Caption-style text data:
★ ★ ★

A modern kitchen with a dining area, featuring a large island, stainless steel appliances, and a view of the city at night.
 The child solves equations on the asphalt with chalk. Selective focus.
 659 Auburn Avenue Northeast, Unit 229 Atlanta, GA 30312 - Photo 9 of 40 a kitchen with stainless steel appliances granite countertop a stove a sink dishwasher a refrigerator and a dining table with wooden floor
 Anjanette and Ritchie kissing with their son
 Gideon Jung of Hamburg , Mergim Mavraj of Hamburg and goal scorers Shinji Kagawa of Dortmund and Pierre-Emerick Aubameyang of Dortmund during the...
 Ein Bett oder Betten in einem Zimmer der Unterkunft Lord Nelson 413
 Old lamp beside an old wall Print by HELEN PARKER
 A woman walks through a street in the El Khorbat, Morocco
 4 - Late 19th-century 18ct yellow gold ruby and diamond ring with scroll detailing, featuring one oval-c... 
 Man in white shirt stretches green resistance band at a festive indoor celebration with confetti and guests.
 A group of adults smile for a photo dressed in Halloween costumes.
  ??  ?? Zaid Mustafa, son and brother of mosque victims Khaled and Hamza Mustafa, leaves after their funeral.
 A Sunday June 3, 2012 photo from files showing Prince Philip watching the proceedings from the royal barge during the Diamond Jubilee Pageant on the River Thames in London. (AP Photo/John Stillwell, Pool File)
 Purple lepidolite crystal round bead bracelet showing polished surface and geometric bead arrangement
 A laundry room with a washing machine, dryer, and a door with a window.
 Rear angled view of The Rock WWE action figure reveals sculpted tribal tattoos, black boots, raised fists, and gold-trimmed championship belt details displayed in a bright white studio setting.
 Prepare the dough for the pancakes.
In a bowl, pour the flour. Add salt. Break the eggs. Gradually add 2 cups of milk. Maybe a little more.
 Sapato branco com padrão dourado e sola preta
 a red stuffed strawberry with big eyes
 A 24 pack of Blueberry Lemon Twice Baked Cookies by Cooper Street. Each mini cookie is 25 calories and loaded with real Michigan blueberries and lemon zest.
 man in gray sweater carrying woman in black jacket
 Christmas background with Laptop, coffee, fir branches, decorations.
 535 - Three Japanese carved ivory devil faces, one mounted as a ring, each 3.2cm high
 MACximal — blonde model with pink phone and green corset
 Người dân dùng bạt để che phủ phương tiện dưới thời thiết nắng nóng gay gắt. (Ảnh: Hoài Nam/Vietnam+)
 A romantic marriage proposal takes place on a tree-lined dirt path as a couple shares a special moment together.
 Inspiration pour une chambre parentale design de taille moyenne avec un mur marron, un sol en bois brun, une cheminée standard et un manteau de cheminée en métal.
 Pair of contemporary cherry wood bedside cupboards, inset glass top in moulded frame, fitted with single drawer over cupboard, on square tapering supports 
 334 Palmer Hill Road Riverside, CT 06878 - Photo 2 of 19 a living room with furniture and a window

★ ★ ★

- How to complete this task -
Gather up every line in the data above that contains the word "their", copying each one.

- Response to the task -
 Anjanette and Ritchie kissing with their son
  ??  ?? Zaid Mustafa, son and brother of mosque victims Khaled and Hamza Mustafa, leaves after their funeral.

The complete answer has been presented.